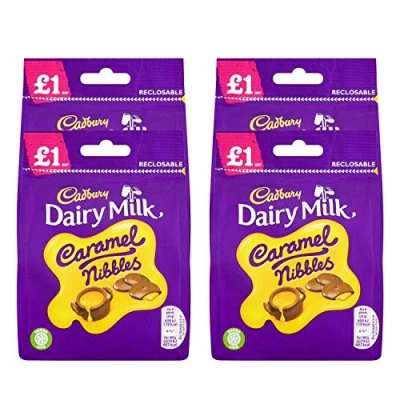 Image of Cadbury Dairy Milk Caramel Nibbles Bag, 950 g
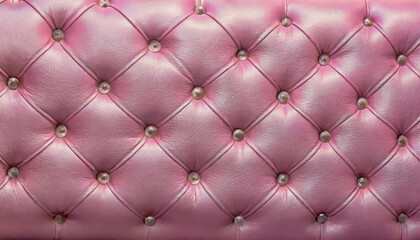 pink leather capitone background texture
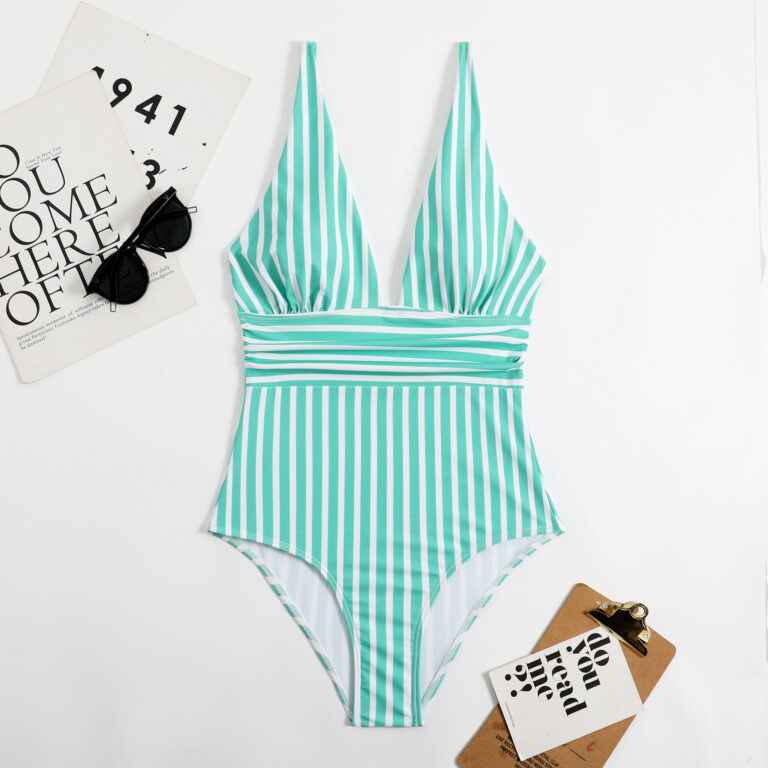 New Bikini Women's One-piece Swimsuit Striped – Image 6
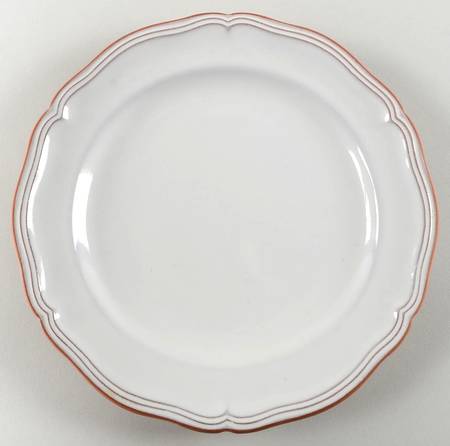 Queen Anne Terra Cotta Luncheon Plate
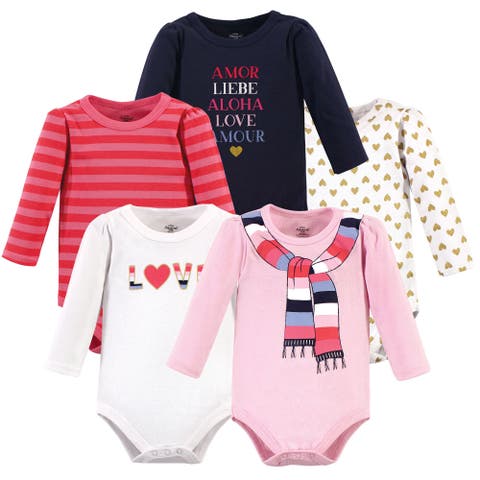 Essential 5-Pack Long-Sleeve Bodysuits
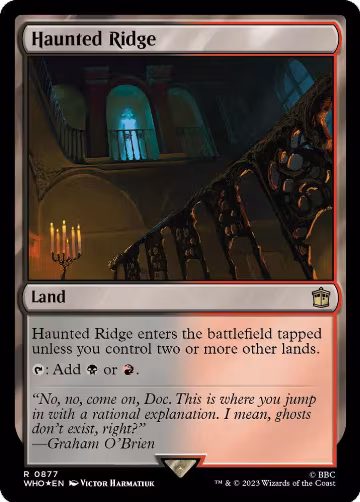 Haunted Ridge (Surge Foil) (877), Universes Beyond: Doctor Who — Magic card price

## Task directions
Only the lines from the one containing "New Bikini Women's" through the end of the records should be copied, exactly and with both ends included; the pictures should not.

## Result for this exercise
 New Bikini Women's One-piece Swimsuit Striped – Image 6
 Queen Anne Terra Cotta Luncheon Plate
 Essential 5-Pack Long-Sleeve Bodysuits
 Haunted Ridge (Surge Foil) (877), Universes Beyond: Doctor Who — Magic card price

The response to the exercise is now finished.